Il documentario ci è raccontato in italiano proprio dal regista. Lo stesso documentario non è altro che un’analisi delle mancanze all’interno della società svedese (la società più indipendente del mondo intero).
In effetti il sistema svedese è un sistema molto ben orchestrato. Basato, inoltre, sull’obiettivo primario di ogni persona d’essere autonoma dalle altre.
Questo tipo di società si sta affermando nell’intero Occidente. Oltre all’indipendenza dell’individuo spesso è presente solitudine e purtroppo (o per fortuna; dipende dai punti di vista) perdita di significato delle relazioni.
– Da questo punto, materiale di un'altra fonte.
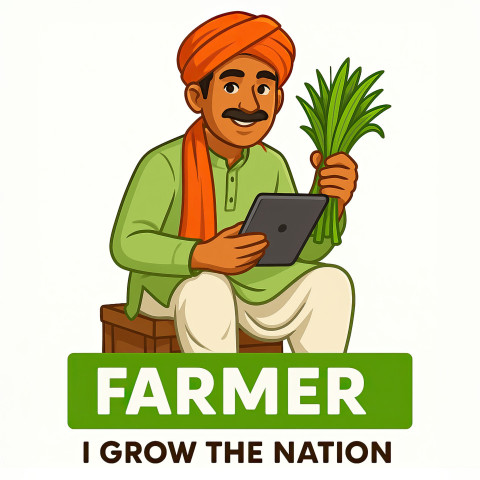 Indian farmer man in dhoti and kurta with red gamcha and orange turban holding crops and a tablet Indian farmer man in dhoti and kurta with red gamcha and orange turban holding crops and a tablet, proud and smiling, blending tradition with technology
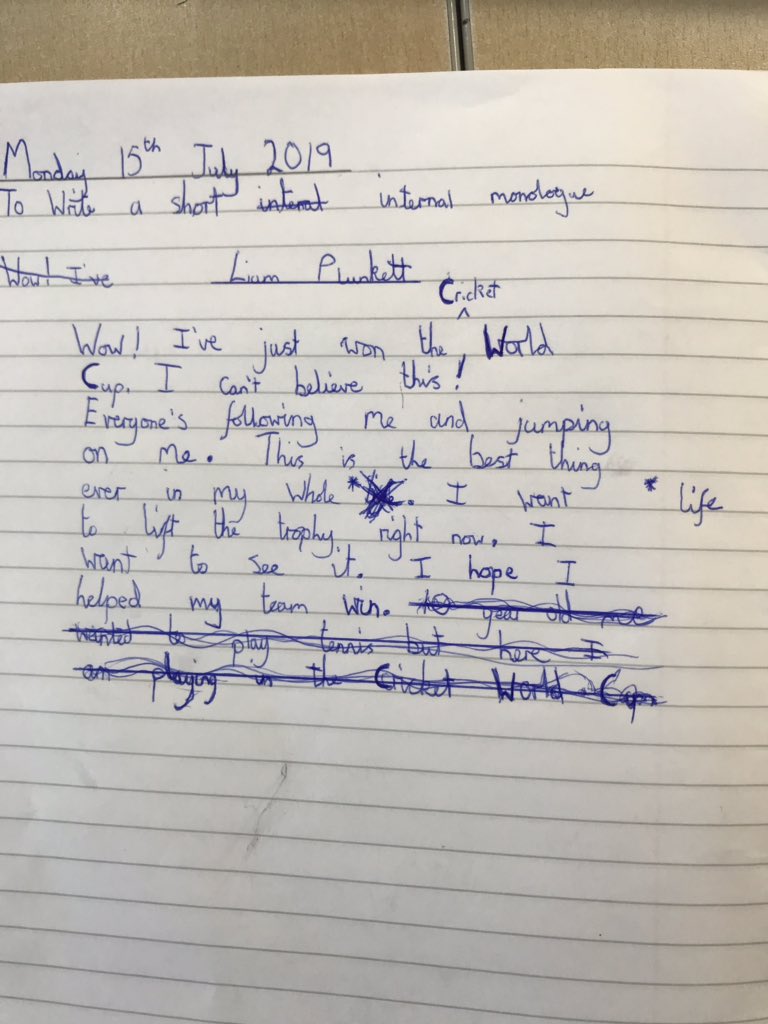 SouthwaterJA_PE's tweet photo. Love these bits of work from some of our Y5s today,inspired by yesterdayβs incredible game,any excuse for Mr Tombling to get to watch those highlights are again!Their task was to write a short piece as Jofra Archer & his thoughts during the super over! @Chance2Shine #CWC19Schools https://t.co/HDjg4wT1mP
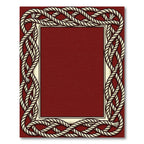 Braided Rope Border Red Rug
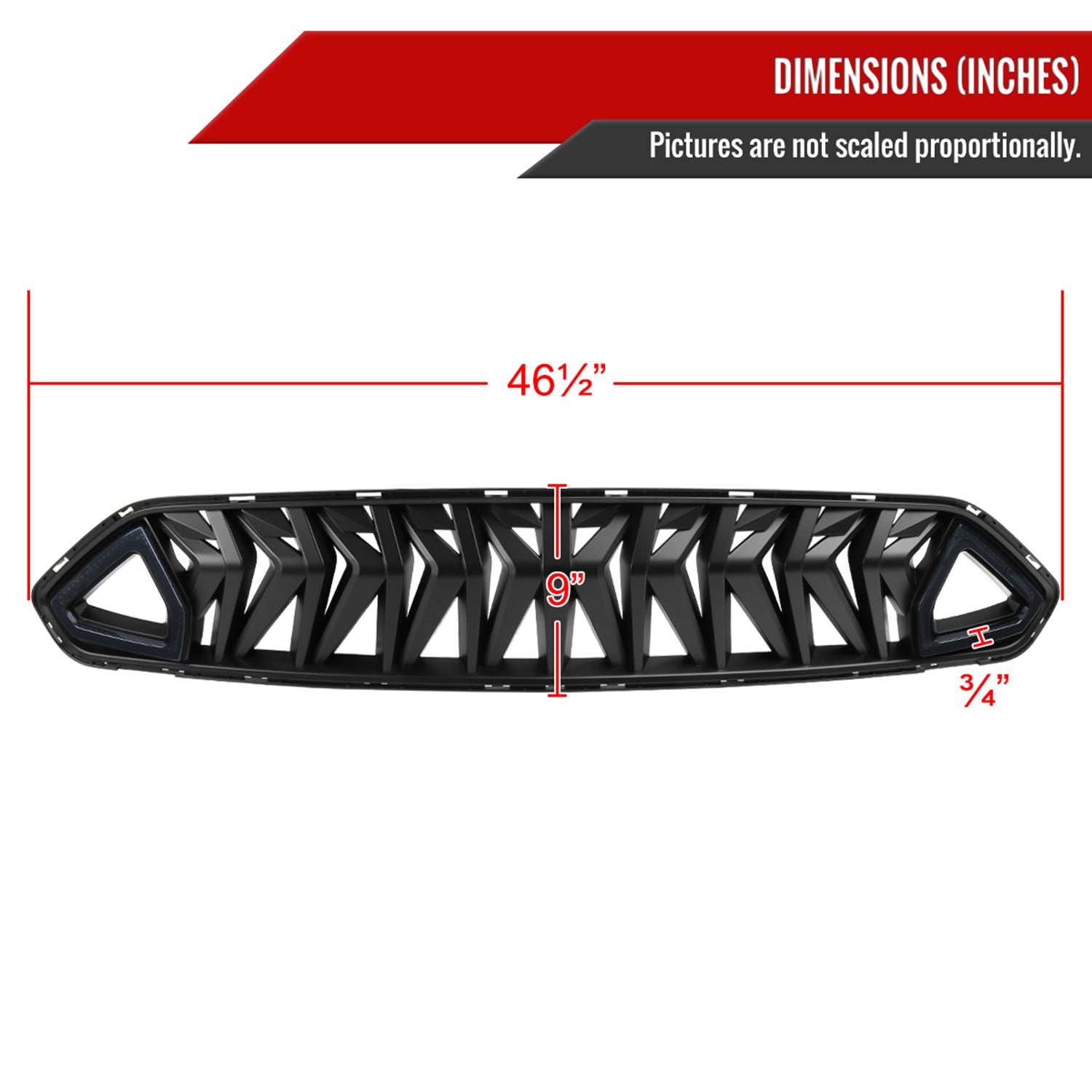 2018-2023 Ford Mustang Shark Hood Grille w/Sequential LED Turn Signal Lights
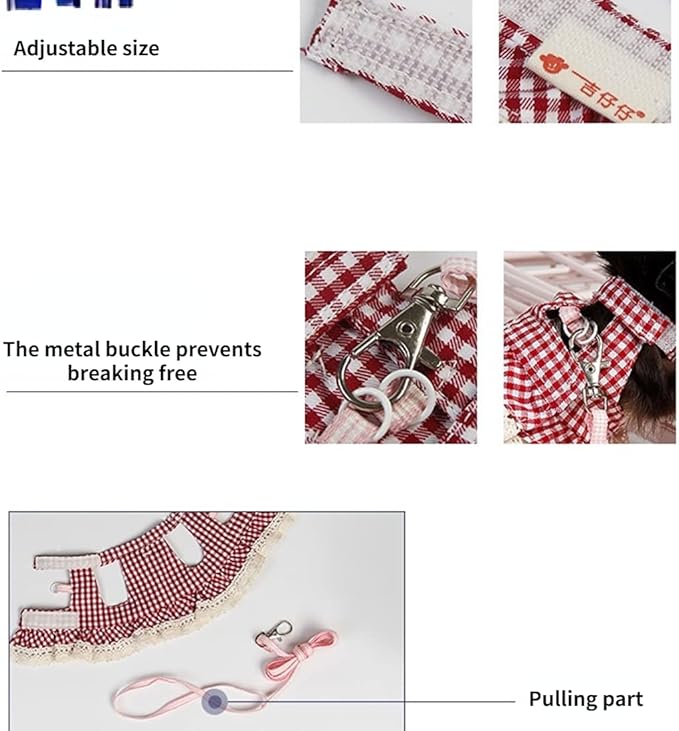 Guinea Pig Harness and Leash Plaid Hamster Harness, Adjustable Ferret Harness and Leash Set No Pulling Walking Vest for Ferret Chinchilla and Similar Small Animals (Small,Pink)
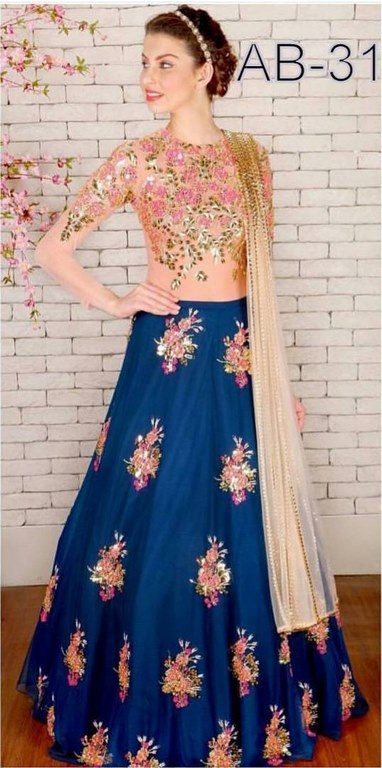 designer embroidered blue wedding lehnga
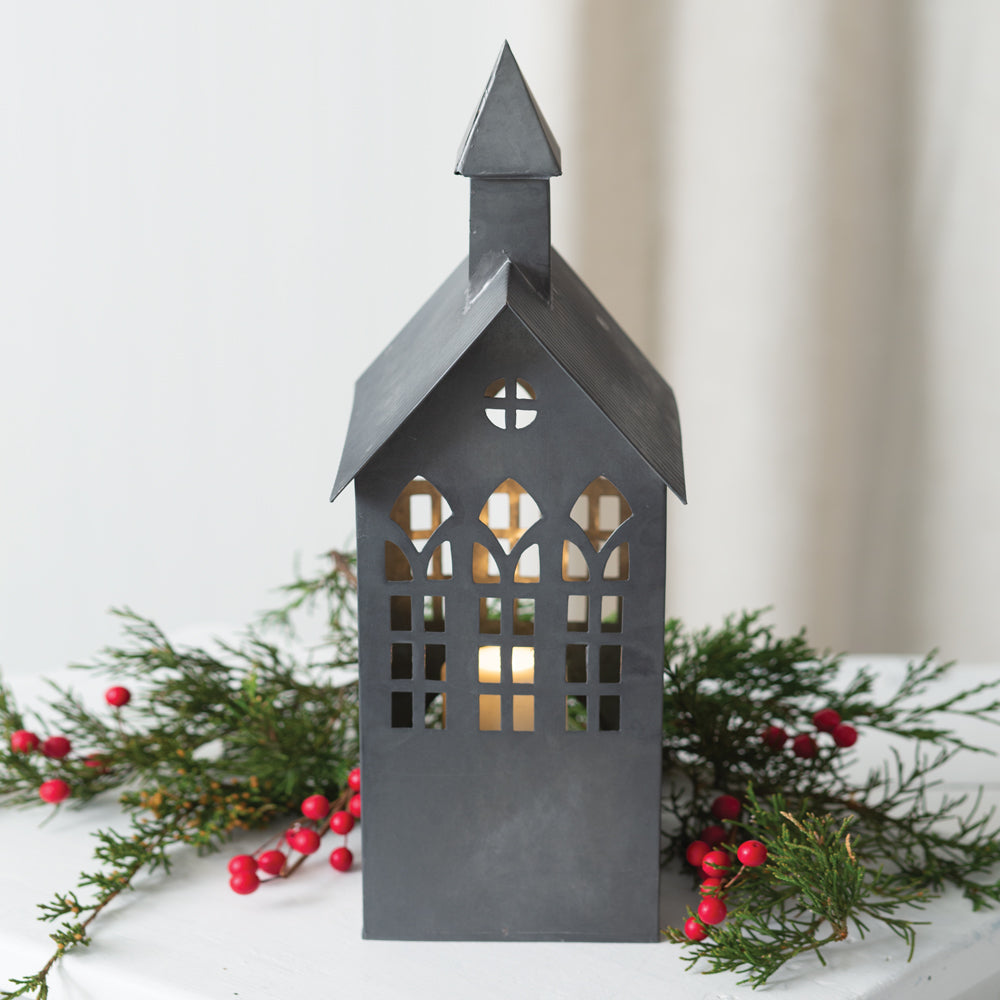 Galvanized Church Christmas Luminary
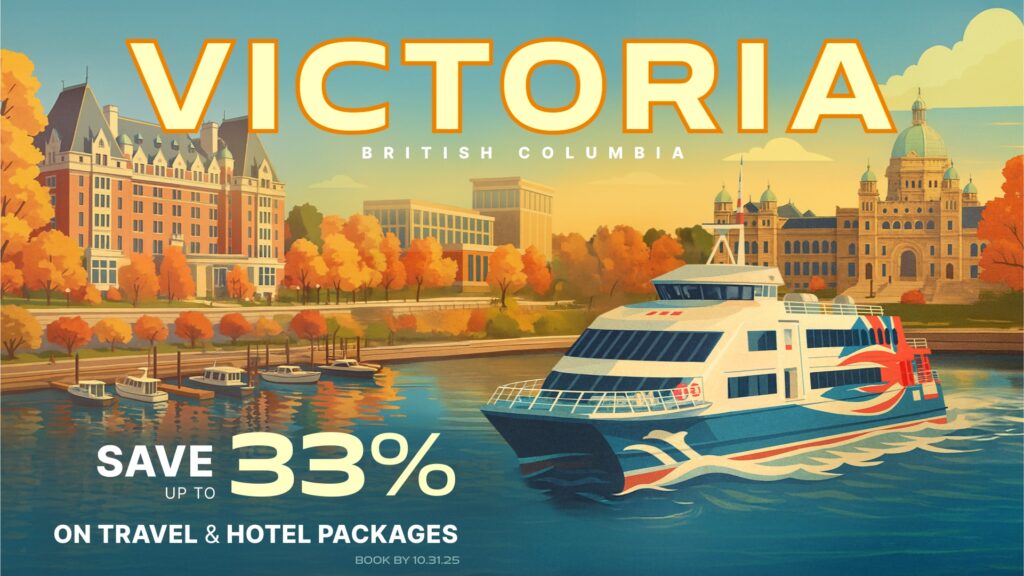Save up to 33% on travel and hotel packages to Victoria BC this fall!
All’interno del film si succedono, ad esempio, immagini riguardanti molti donatori di sperma solitari. Sono coloro che permettono a molte donne di diventare madri-single (numero in aumento).
Ci sono anche immagini di appartamenti ai limiti del reale con molti “morti dimenticati”, i quali sono in crescente aumento.
Ed è proprio dopo tutto questo, che viene spontanea la domanda che Erik si chiede. Domanda che caratterizza interamente questa sua opera, quesito paradossale.
«Come può una società perfettamente sicura e organizzata generare tanta insoddisfazione?», questo è ciò che Gandini si chiede in questo sua pellicola documentaristica.
L’artista ha già realizzato un’altra pellicola prima di nome Videocracy.
Videocracy è un altro documentario. Il quale analizza il modo in cui in Italia la televisione influenza parecchio la vita sociale; questo perchè la stessa rappresenta per i più la principale fonte d’informazione.
Erik si concentra in particolar modo sull’impero costruito da Silvio Berlusconi intorno ad essa. E su come sempre dalla stessa derivi il potere politico dello stesso personaggio.
In realtà c’è da dire che il documentario non approfondisce molto la questione. Bensì molto spesso si lascia trasportare dalle impressioni, mettendo in evidenza il più possibile l’assorbimento da parte della società di valori della TV commerciale.